Di qui l’interpretazione del Vaticano I: se il papa può definire «un dogma ex sese non autem ex consensu ecclesiae non può esistere ex sese; il papa è papa solo ex ecclesia, cioè in forza di quel sacramento della Chiesa che lo accomuna a tutti gli altri pastori della Chiesa» (p. 129). I contenuti dei paragrafi successivi hanno una natura quasi programmatica: dal sacramento alla collegialità ovvero la qualità collegiale del ministero papale («il papa ha sempre una mens comune con gli altri vescovi»); la collegialità intermedia («progettazione di una più vasta attuazione della collegialità»); la qualità collegiale dei vescovi («esigenza di realizzare una forma di esercizio del primato che sia capace di valorizzare al massimo la diversità»); la qualità pastorale del ministero papale («la vitale relazione con la Chiesa di Roma»). L’opera di Dianich raggiunge lo scopo di rovesciare le prospettive di un immaginario collettivo che tende a vedere il papa più nella veste di capo della Chiesa universale che in quella di pastore della sua Chiesa locale.

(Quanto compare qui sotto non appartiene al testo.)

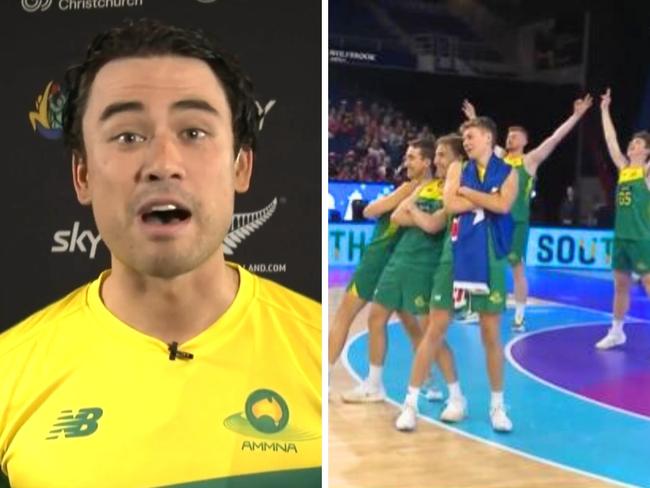 Netball dance sparks worst kind of reaction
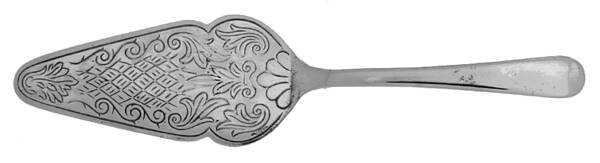 SSD16 (Silverplate) Solid Cheese Server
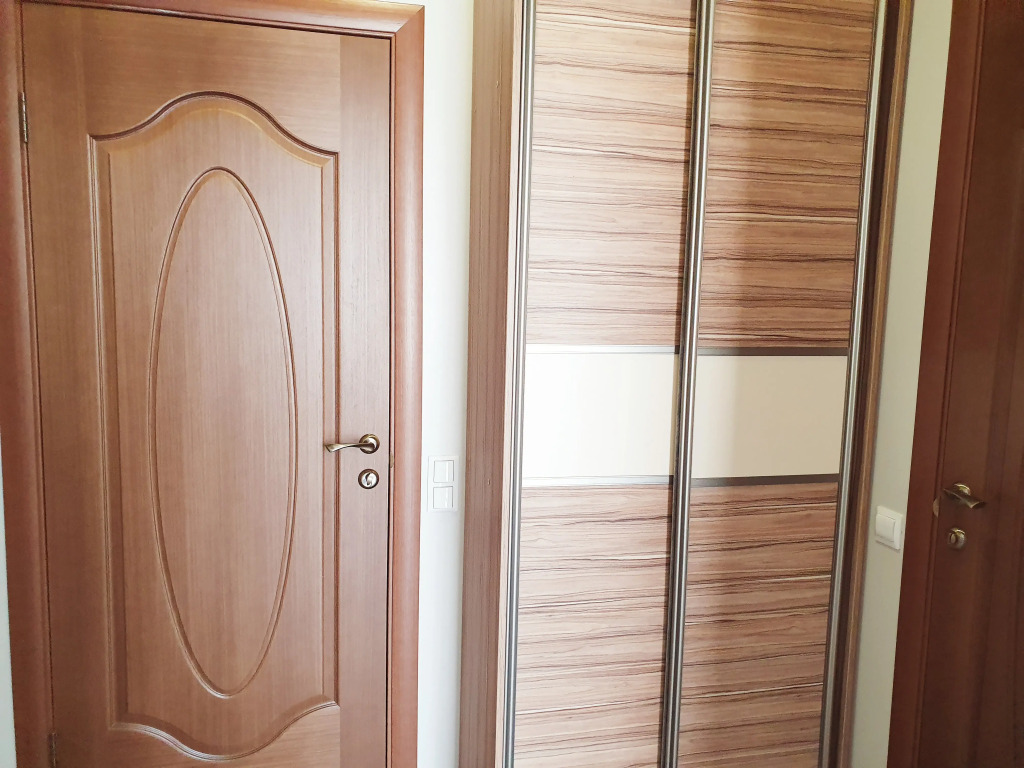 Четырёхместный семейный номер Standard с балконом в Флагман2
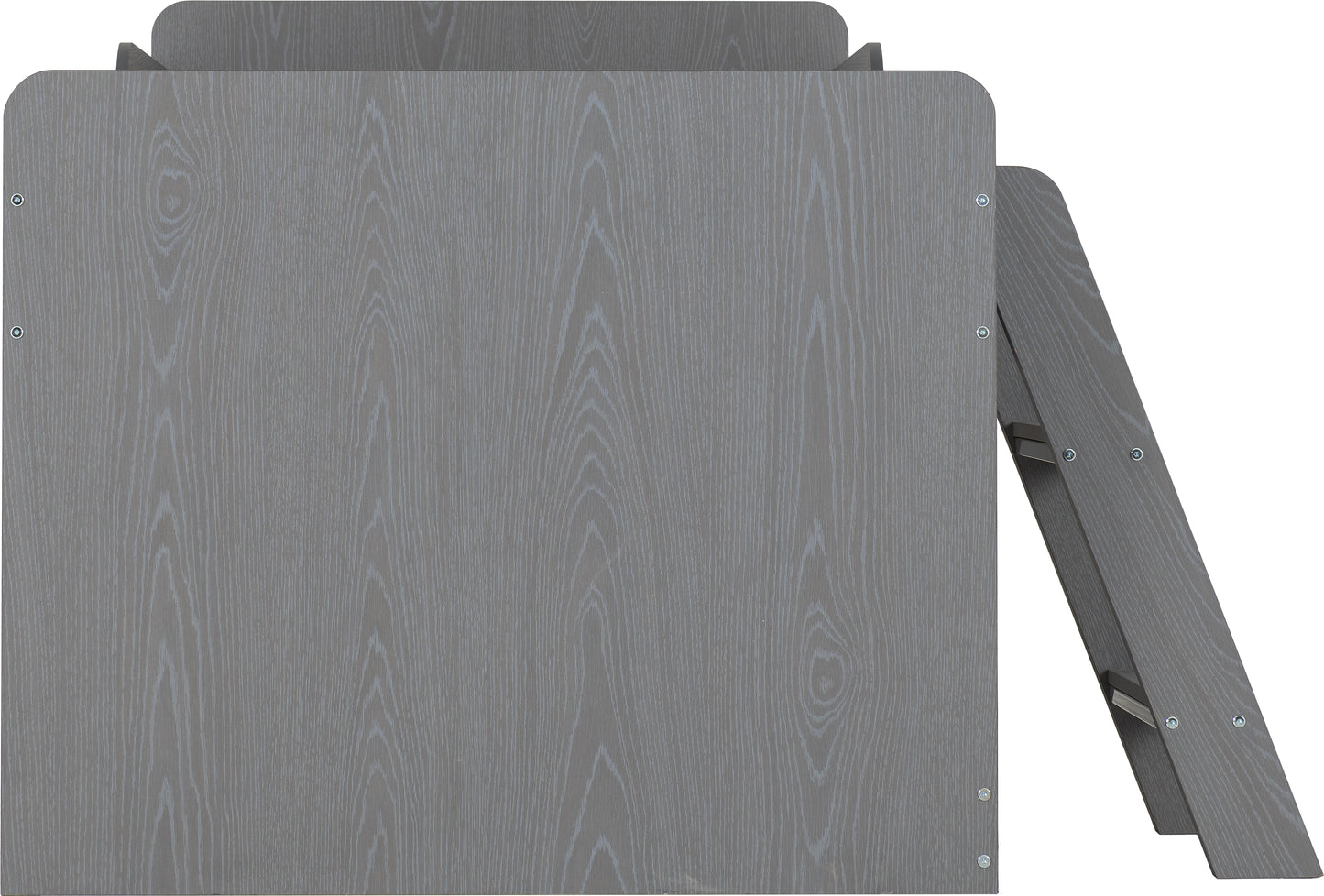 FELIX LOW SLEEPER BED - GREY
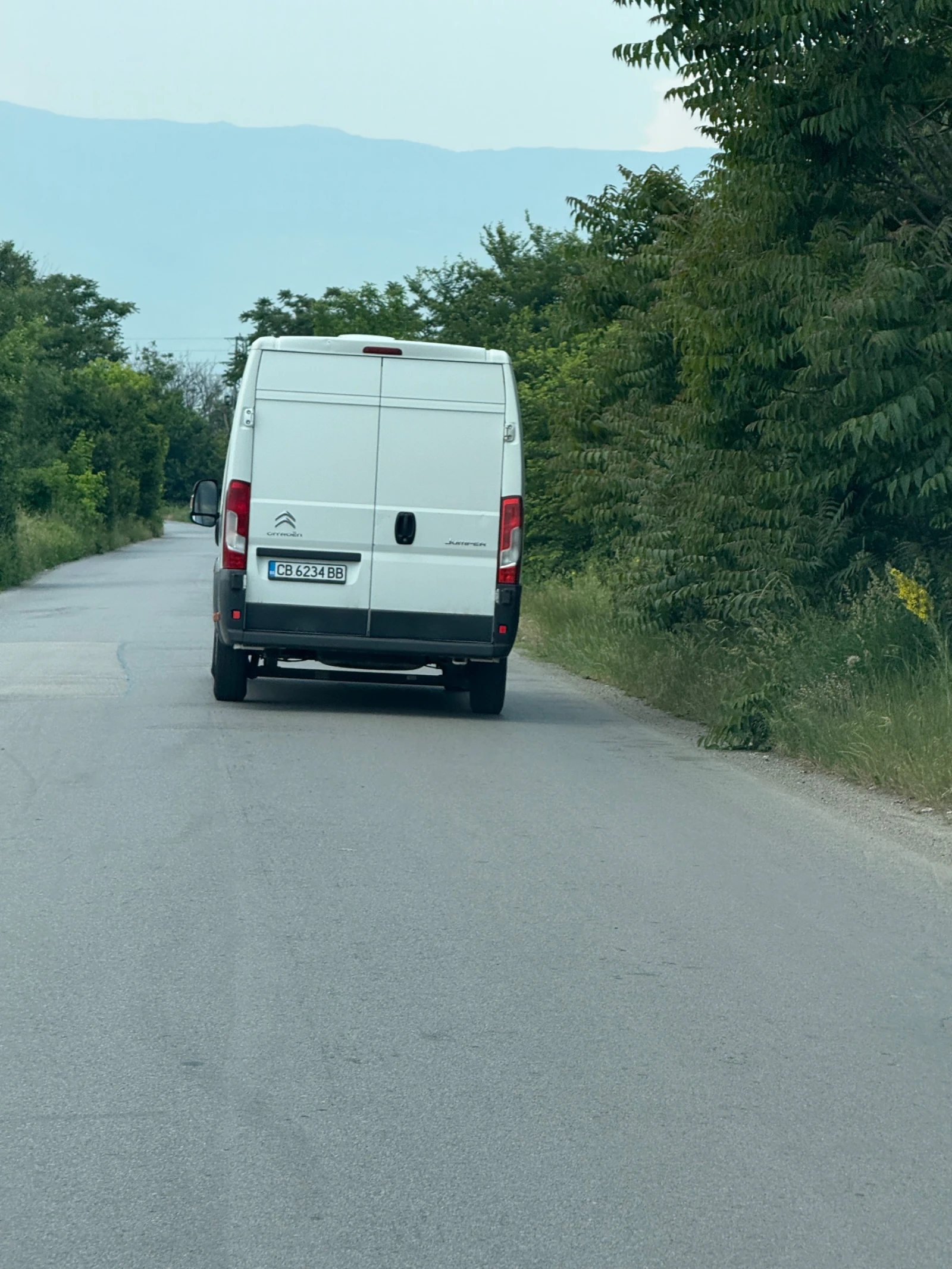 Citroen Jumper  - изображение 6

Non esclude il potere di giurisdizione, ma ne corregge l’unidirezionalità o l’isolamento, facendolo derivare da una sacramentalità che sottolinea il carattere episcopale del ministero del papa e che postula un radicamento pastorale nella propria Chiesa locale. Alcune forme di esercizio universale ricavate della tesi di fondo possono non incontrare il consenso unanime, ma l’elemento strutturale è coerente: stabilire un rapporto più stretto tra papato e collegialità episcopale. In controluce al volume si scorge pure un’idea ecclesiologica cara all’autore, quella di una Chiesa sostenuta dalla grazia che si nutre di comunione interpersonale e dove le mediazioni si impongono attraverso una rete sinodale. Che tutto ciò ottenga il risultato sperato a livello ecumenico è un obiettivo che l’autore stesso non si illude di ottenere, consapevole che la sua tesi, pur essendo «ecumenicamente proponibile», non risolve tutti i problemi. Lo dimostrano i dibatti dei dialoghi ufficiali sulla stessa nozione di sacramento. Si trattava però di cogliere l’invito lanciato dall’Ut unum sint ed è ciò che Dianich ha voluto fare con la sua competenza, lanciando una proposta che apre a ulteriori confronti.